Crescita inferiore rispetto ad altre aree deboli dell’Ue
Se il Rapporto conferma che nel 2006 il Sud è cresciuto dell’1,5 per cento con un incremento pari a oltre quattro volte quello realizzato dal 2002 al 2005 con una dinamica che, però, per il quarto anno consecutivo risulta inferiore al centro-nord, è anche vero che i numeri risultano meno positivi se comparati alle dinamiche economiche degli altri Stati europei. Il tasso di crescita dell’economia meridionale è stato inferiore di tre volte quello della Spagna, di quattro volte quello dell’Irlanda, di cinque volte quello della Grecia. Dal 2000 al 2006 nei nuovi Stati membri il Pil è cresciuto di oltre il 5 per cento a fronte di un modesto 0,4 per cento nel Mezzogiorno. Inoltre tra i nuovi Paesi membri, si legge nel Rapporto, Slovenia, Ungheria, Estonia e Repubblica Ceca hanno già raggiunto nel 2006 il livello di sviluppo del Mezzogiorno.

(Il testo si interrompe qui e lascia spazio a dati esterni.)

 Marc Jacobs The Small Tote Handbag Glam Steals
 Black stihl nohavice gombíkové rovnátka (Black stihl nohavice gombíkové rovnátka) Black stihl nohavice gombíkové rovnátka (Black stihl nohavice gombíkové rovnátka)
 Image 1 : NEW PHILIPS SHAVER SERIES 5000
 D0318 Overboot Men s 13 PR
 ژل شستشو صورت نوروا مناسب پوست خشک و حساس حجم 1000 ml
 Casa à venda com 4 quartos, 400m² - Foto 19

Un Mezzogiorno in ripresa all’interno di un Paese che cresce
È una delle altre fotografie scattate dal Rapporto cui si accompagna, però, anche il timore che senza riforme strutturali possa essere messo a repentaglio il processo di sviluppo. Quasi tutti i settori produttivi registrano segnali positivi anche se inferiori al centro-nord. In particolare l’industria a +1,5 per cento (2,5 per cento centro-nord), l'edilizia a +1,4 per cento, i servizi a +1,3 (centro-nord 1,7 per cento). Altro dato interessante è quello relativo alla quota di spesa pubblica in conto capitale che nel Mezzogiorno è passata dal 40,6 per cento del 2001 al 36,3 per cento nel 2006 e che non raggiunge neppure il peso naturale del Mezzogiorno pari al 38 per cento circa.

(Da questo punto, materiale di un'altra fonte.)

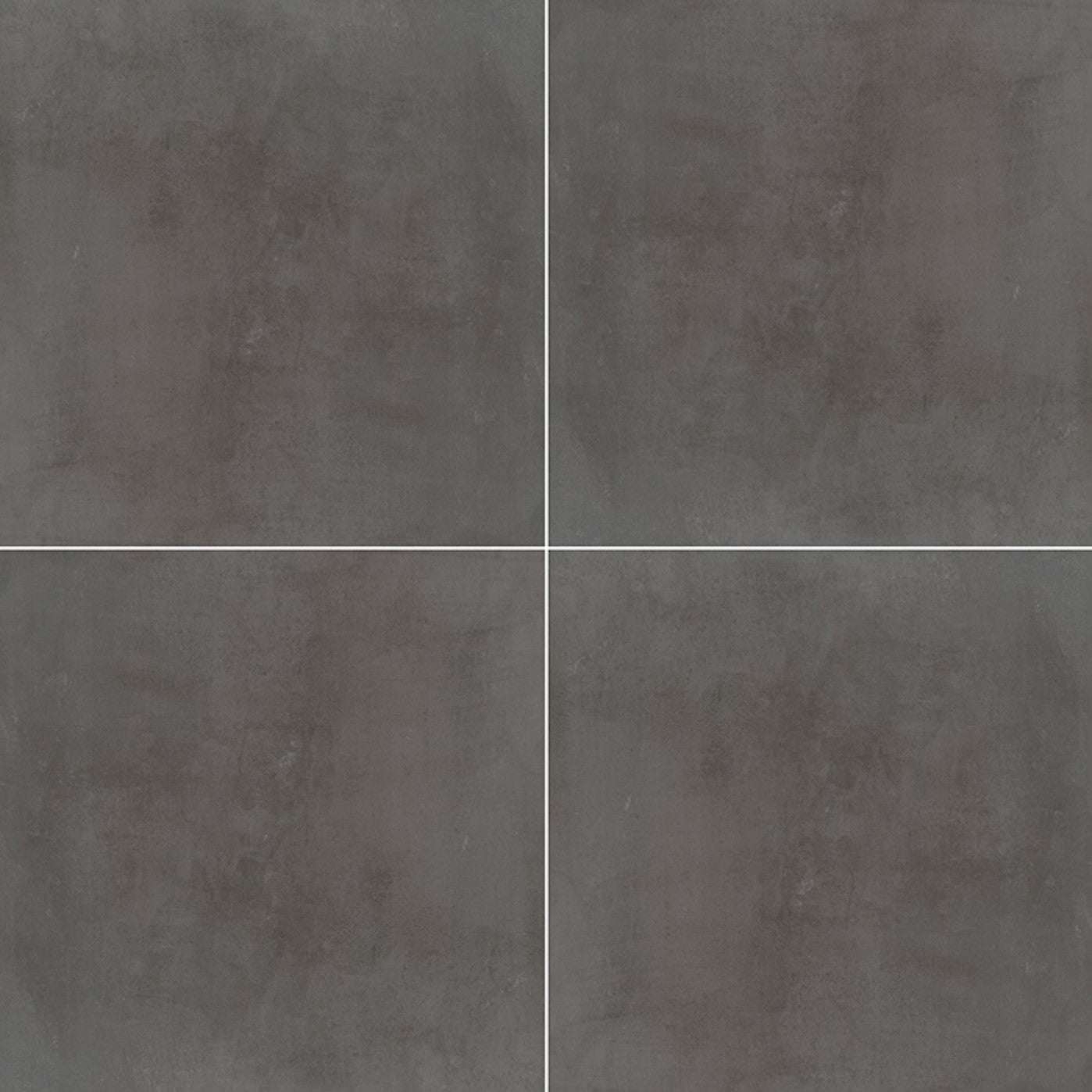 béton-antracite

Difesa della legalità, certezza del diritto, competitività
Nel 2006, secondo i dati forniti dallo Svimez, sono cresciuti i tentati omicidi (+8,7 per cento) le estorsioni (+5,9 per cento) mentre in calo risultano gli omicidi volontari. Inoltre su 109 omicidi ben 108 sono riconducibili alle mafie (dati 2005) e su 150mila commercianti in Italia stretti nella morsa degli usurai la metà si concentra tra Lazio, Campania e Sicilia. Anche l’indice di potenzialità competitiva che prende in considerazione la dotazione di reti e infrastrutture, la propensione all’innovazione, la ricerca e lo sviluppo, la qualità e l’investimento nelle risorse umane, la vitalità economica del tessuto produttivo risulta inferiore di 30 punti alla media Ue nell’area Ue. Tutti questi indicatori sono fondamentali per attrarre gli investimenti e, di conseguenza, rilanciare l’area meridionale.